И. А. Ильин: pro et contra. Личность и творчество Ивана Ильина в воспоминаниях,

документах и оценках русских мыслителей и исследователей. Антология. СПб.,

Издательство Русского Христианского гуманитарного института, 2004, 895 стр.

В 1934 году — через двенадцать лет после высылки из советской России — Иван Ильин писал из Берлина в Париж Ивану Шмелеву про “страшное сознание своего одиночества, своей ненужности, своей черной ненужности для чудесной нашей родины <...>. Конечно, честь и верность мои со мною, и я знаю, хорошо знаю те часы, в которые я их предпочел всяческому личному устроению. Но Господи Боже мой!
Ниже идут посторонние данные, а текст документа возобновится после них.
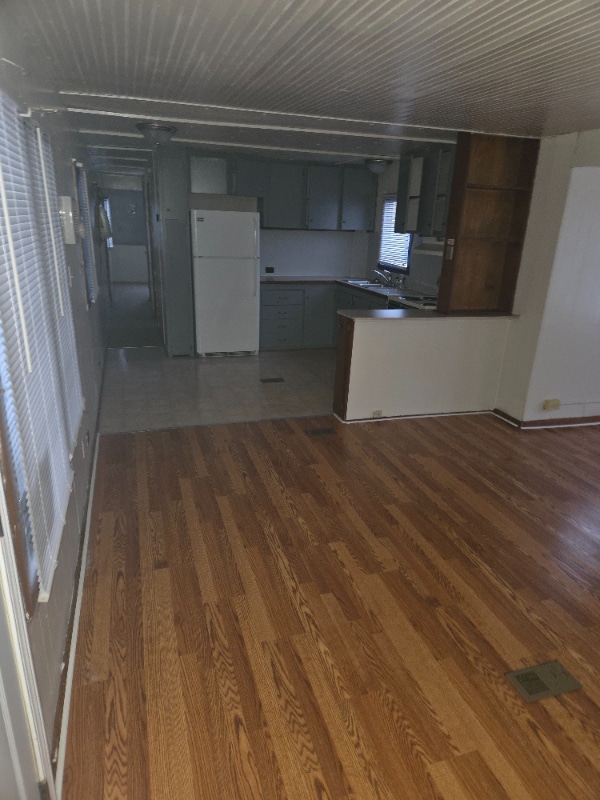 Building Photo - 8464 Cleveland Ave NW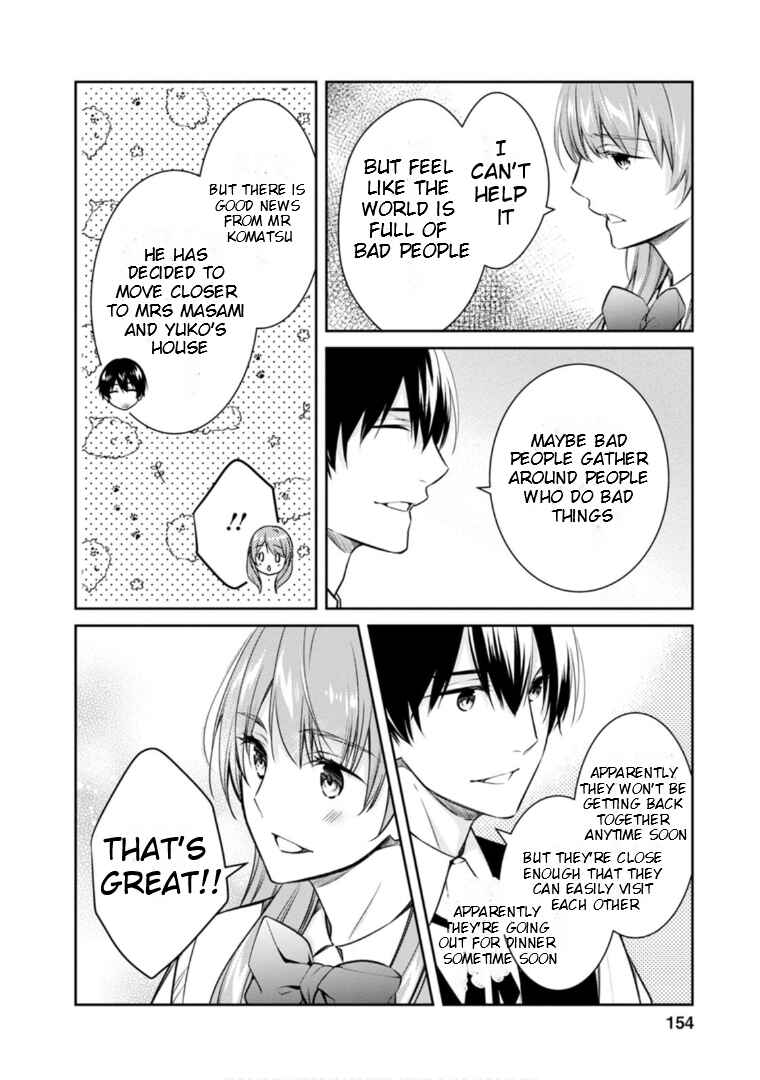 Chapter 64 - Page 29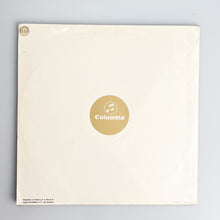 Charger l&#39;image dans la galerie, LP, Gat. Luisa Fernanda
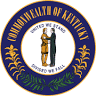 Owsley County Clerk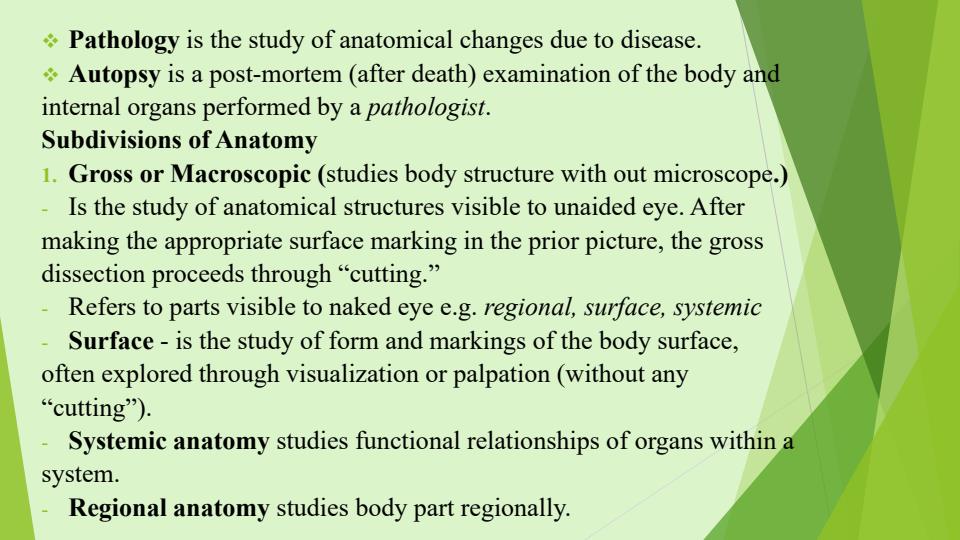 Human-Anatomy-and-Physiology-1-Notes-Introduction-to-Anatomy-and-Physiology_10482_2.jpg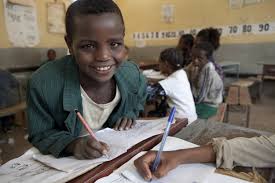 Image result for childfund international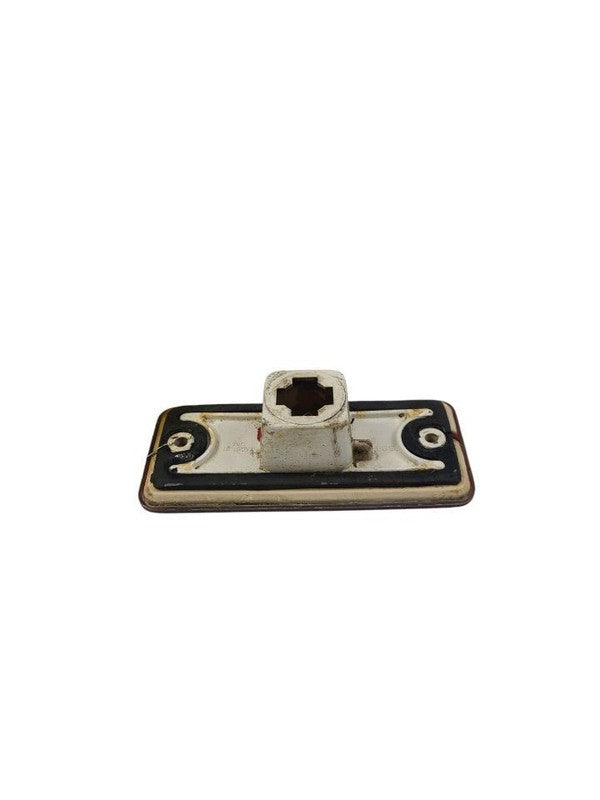 VEGA      1975 Rear Side Marker 617133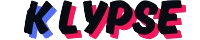 Klypse Logo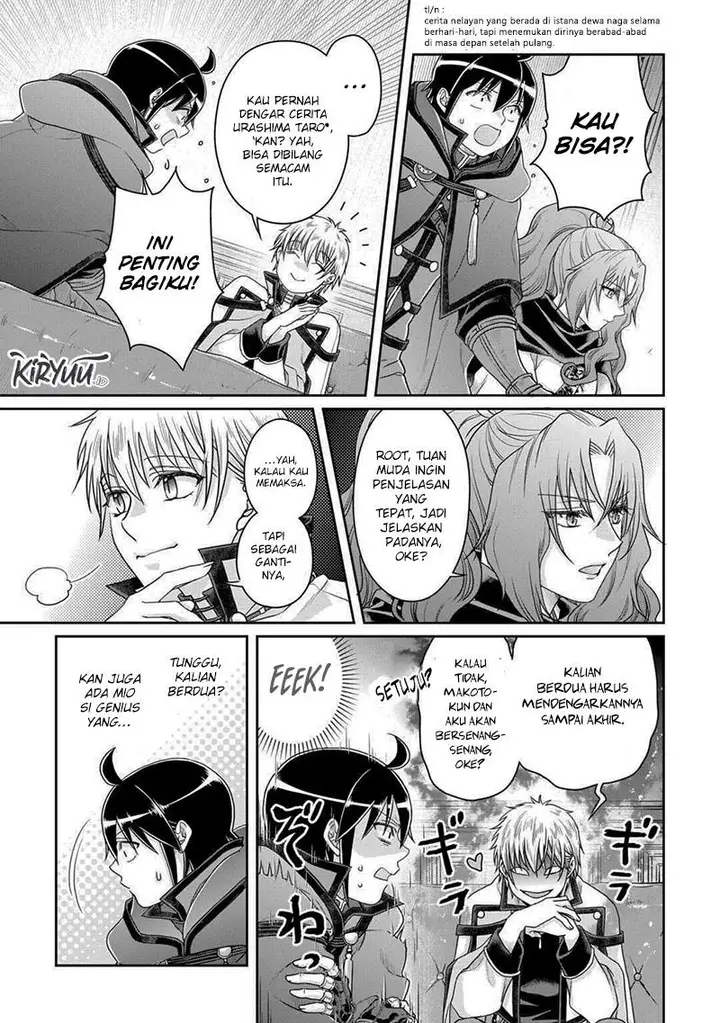 image-komik-tsuki-ga-michibiku-isekai-douchuu-chapter-87-23/25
Что за страшное время выпало нам на долю, что негодяям, законченным лжецам и бесстыдникам пути открыты, а нам — поток унижений”. Еще актуальнее звучит и ответ Шмелева: “В наше время нет или почти нет великого творчества, огня, опаляющего душу, служения словом <...>. Измельчали, опошлились, оторговились, опохабились, обазарились, обрыночнились...”

Не раз в переписке их1 сквозь сетования на ненужность и одиночество сквозит упование на востребованность в “грядущей России”. Сбылось ли оно? Отчасти да: книги Шмелева продаются в приходах даже за церковными ящиками, а у Ильина вышло многотомное собрание сочинений, которое еще будет пополняться и дальше. Но и — нет, ибо их влияние настолько же несопоставимо с тем, на которое они уповали в изгнании, насколько современная Россия отлична от той “грядущей”, о которой они мечтали.

Об антологии “Pro et contra” мне уже приходилось писать, рецензируя том о Константине Леонтьеве2. С тех пор в этой серии вышло много отличных книг, объемно высвечивающих лучшие фигуры отечественной культуры, — и вот книга об Ильине. В определенных православных “белых” кругах Ильин ныне — фигура культовая; публицистика его оказалась живее и интереснее, пожалуй, публицистики любого из его современников, включая Георгия Федотова, его заблуждения поучительны, а сердечный пафос не остывает во времени.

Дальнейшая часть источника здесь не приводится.